Performances clés
Caractéristiques techniques
Moteur
- Cylindrée
- 8200 cc
- Puissance
- 502.0 ch @ 5200 tr/min (366.4 kW)
- Couple
- 567.0 Nm @ 4200 tr/min
- Moteur
- V8, four-stroke
- Refroidissement
- Liquid
- Taux de compression
- 9.6:1
- Alimentation
- Carburettor. Quadrajet 850 cfm
Châssis
- Transmission finale
- Belt (final drive)
- Suspension avant
- 63mm inverted forks
- Suspension arrière
- Dual 13.5´ coilover shocks
Freins
- Frein avant
- Double disc
- Frein arrière
- Single disc
Dimensions
- Hauteur de selle
- 724.00 mm
- Empattement
- 2083.00 mm
- Réservoir
- 32.17 L
- Poids à sec
- 589.70 kg
Présentation
Les chiffres de la fiche technique Boss Hoss BHC-3 502 ressemblent à une erreur de frappe. Huit mille deux cents centimètres cubes, cinq cent deux chevaux, cinq cent soixante-sept Newton-mètres. Ces données n'ont rien à voir avec le monde de la moto, elles relèvent de la mécanique lourde ou de la propulsion navale. Pourtant, cette chose roule sur deux roues et arbore un guidon. L'idée de base est simple à l'extrême : greffer le petit bloc V8 Chevrolet de 502 pouces cubes, un classique des hot-rods américains, sur un châssis custom démesuré. Le résultat défie toute logique, toute catégorie, et probablement toute législation européenne sur le permis de conduire.
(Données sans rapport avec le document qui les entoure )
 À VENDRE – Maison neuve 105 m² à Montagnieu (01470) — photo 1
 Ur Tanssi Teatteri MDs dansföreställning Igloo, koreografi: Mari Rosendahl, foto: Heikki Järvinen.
Le moteur est l'unique raison d'être de la machine. Ce V8 à carburateur Quadrajet de 850 cfm, refroidi par liquide, tourne avec une nonchalance de tracteur. À 4200 tr/min, il délivre son couple monstrueux de 567 Nm, une valeur qui ferait pleurer une Bugatti Veyron de l'époque. La puissance de 502 ch arrive à 5200 tr/min, mais on sent bien que la courbe doit ressembler à un plateau de l'Idaho. La transmission finale par courroie et la boîte automatique à trois rapports (ou quatre selon les versions) transforent cette folie en engin utilisable. On parle d'une moto qui pèse près de 600 kilos à sec, avec un empattement de deux mètres huit. La Harley-Davidson Electra Glide fait figure de scooter à côté.
Le châssis et les suspensions existent pour contenir la masse, pas pour la faire danser. La fourche inversée de 63 mm et les deux amortisseurs à l'arrière ont un travail titanesque. Les freins, un double disque à l'avant et un simple à l'arrière, semblent dérisoires face à l'énergie cinétique d'une demi-tonne lancée. La hauteur de selle de 724 mm est ridiculement basse pour une machine de cette taille, comme si le constructeur voulait à tout prix que le pilote puisse poser les pieds à terre. Avec un réservoir de 32 litres, on peut parcourir une distance honorable entre deux stations-service, à condition de ne pas trop solliciter le poignet droit.
Conduire une Boss Hoss BHC-3 502, c'est expérimenter une forme de violence douce. Elle ne vibre pas, elle tremble. Elle n'accélère pas, elle aspire l'horizon. Elle ne freine pas, elle ralentit avec réticence. C'est l'anti-moto par excellence, une déclaration d'indépendance face à toute notion de maniabilité, d'agilité ou de finesse. Elle n'a pas de concurrent, si ce n'est peut-être un dragster ou un bateau à moteur. Son public est minuscule et parfaitement défini : des collectionneurs excentriques, des amateurs de culture hot-rod, et ceux pour qui la notion de "trop" n'existe tout simplement pas. Elle n'apprend rien sur la moto, mais elle en dit long sur l'audace, ou la folie, purement américaine.